282 The Scout

Category Art
Auction Currency USD
Start Price 37,500.00 USD
Estimated at 75,000.00 - 100,000.00 USD
The Scout
Artist: Russell, Charles M.Date of Birth: 1864-1926
Medium: Watercolor and Gouache
Dimensions: 14 x 11 inches
Signed: Signed lower left and dated 1900
Verso:

Born in 1864 just as the Civil War was coming to a close, young Charlie Russell’s hometown—St. Louis—was the gateway to the West, the borderland between “civilization” and the rapidly filling “frontier.” Russell saw people and horses lighting out for the open range and their stories enthralled him. At the same time, his mother’s interest in and aptitude for painting flowers—in watercolor—seemed to plant the seed that would become a vocation. Still in his teens, Russell convinced his parents to allow him to head West and try his hand at punching cows. He did, making a go of it even as he made fast friends among the characters of the Montana Territory’s Judith Basin. Soon, he began to try to capture cowboy life in art, principally, at first, in watercolor. Russell’s work was being published regularly in Harper’s Weekly and had been acclaimed as original, fresh and real even before he married Nancy Cooper in 1896. Nancy took responsibility for the business end of Russell’s art and proved to be a tough, shrewd agent for her husband. A career was born.

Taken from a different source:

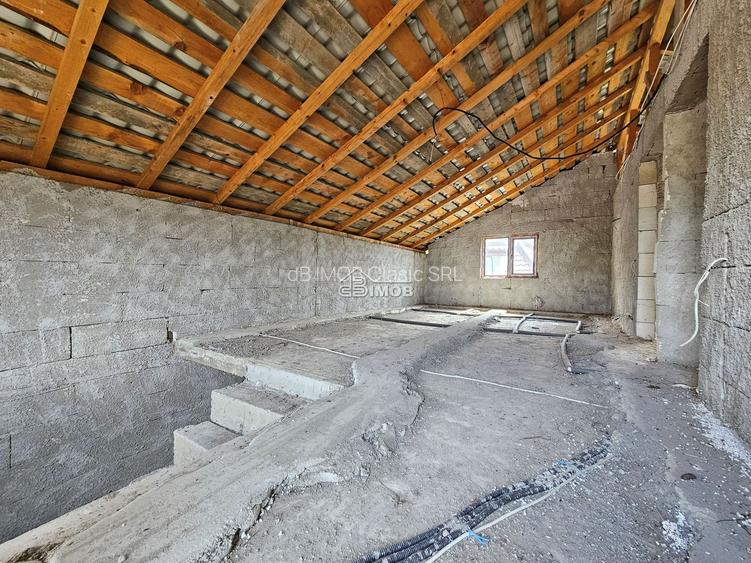 Casă de vânzare în Lazuri – aproape de lacuri, aproape de liniște, de - 8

What drew Russell at first to the medium of watercolor was that materials and instruction manuals were available and portable. Watercolor paints and paper and books went where Russell went, right in the saddlebag. But Russell’s West, the West as he imagined it, was already receding into history, and in works like The Scout, the artist emerges as a kind of visionary, elevating the struggles between Native Americans, cowboys, vaqueros, the elements themselves, as a kind of prelapsarian agon, a war between gods whose paradise slipped away and became just another haunt for humans to despoil. Here, the brave, in full regalia, bearing a spear rather than a rifle, seems to force his way out of the paper, a bas-relief against blankness.